Every log message related to a traced method will now contain the traceId(63d12d07a35486c62705beacbd5ad1c6) and spanId(2705beacbd5ad1c6):

INFO [observability-demo,63d12d07a35486c62705beacbd5ad1c6,2705beacbd5ad1c6] 704835 --- [nio-8080-exec-2] c.n.o.controllers.LoggingFilter          : GET /customers 200 - 112ms

Example log message with trace data

Metrics

Metrics provide the raw numbers of what is going on inside of a system, such as number of requests made to an endpoint, response times, and even information about the JVM itself.

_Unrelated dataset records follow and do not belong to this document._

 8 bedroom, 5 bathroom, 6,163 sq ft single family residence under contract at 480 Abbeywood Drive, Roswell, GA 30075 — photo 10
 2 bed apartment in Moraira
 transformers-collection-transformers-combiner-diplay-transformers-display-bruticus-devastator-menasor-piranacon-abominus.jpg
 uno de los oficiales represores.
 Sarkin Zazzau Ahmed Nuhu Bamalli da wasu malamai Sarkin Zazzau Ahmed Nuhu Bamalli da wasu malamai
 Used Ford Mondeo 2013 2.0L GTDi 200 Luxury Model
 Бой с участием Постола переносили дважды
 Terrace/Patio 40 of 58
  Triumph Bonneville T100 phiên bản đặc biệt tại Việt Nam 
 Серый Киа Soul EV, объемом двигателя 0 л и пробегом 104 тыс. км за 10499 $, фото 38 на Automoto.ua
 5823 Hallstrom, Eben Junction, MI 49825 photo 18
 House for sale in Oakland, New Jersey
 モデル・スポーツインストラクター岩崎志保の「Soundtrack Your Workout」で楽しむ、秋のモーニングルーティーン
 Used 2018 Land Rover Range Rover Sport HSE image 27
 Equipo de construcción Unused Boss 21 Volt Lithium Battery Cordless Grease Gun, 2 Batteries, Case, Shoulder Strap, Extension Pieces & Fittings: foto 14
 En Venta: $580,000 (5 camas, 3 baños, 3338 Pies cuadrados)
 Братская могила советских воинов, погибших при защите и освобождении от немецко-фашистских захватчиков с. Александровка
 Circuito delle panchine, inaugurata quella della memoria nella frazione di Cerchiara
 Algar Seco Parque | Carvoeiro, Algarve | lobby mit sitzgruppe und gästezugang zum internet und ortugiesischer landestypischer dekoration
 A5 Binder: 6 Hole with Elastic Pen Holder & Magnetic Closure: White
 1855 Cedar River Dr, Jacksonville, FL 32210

Spring Boot auto-configures many metrics, depending what is available on the class path. A full list can be found here. In order to expose metrics for Prometheus to scrape, we must add prometheus to the list of exposed endpoints in application.yml. For any custom metrics, we can also expose the metrics endpoint and build our own dashboards in Grafana. Spring Boot 3 and Micrometer introduced the support of 'Exemplars', which provides trace data, if available, for specific measurements. This is helpful if there is a spike in traffic or a request takes longer than usual. With an exemplar, you can see exactly which trace is related to the request. Exemplars are enabled by setting distribution.percentiles-histogram.http.server.requests to true.

management:
  endpoints:
    web:
      exposure:
        include: health,info,prometheus,metrics
  metrics:
  	tags:
      application: observability-demo
    distribution:
      percentiles-histogram:
        http:
          server:
            requests: true

application.yml

Once we have configured Actuator to expose the endpoints, Prometheus will scrape the data. The configuration for Prometheus can be found in docker/prometheus/prometheus.yml.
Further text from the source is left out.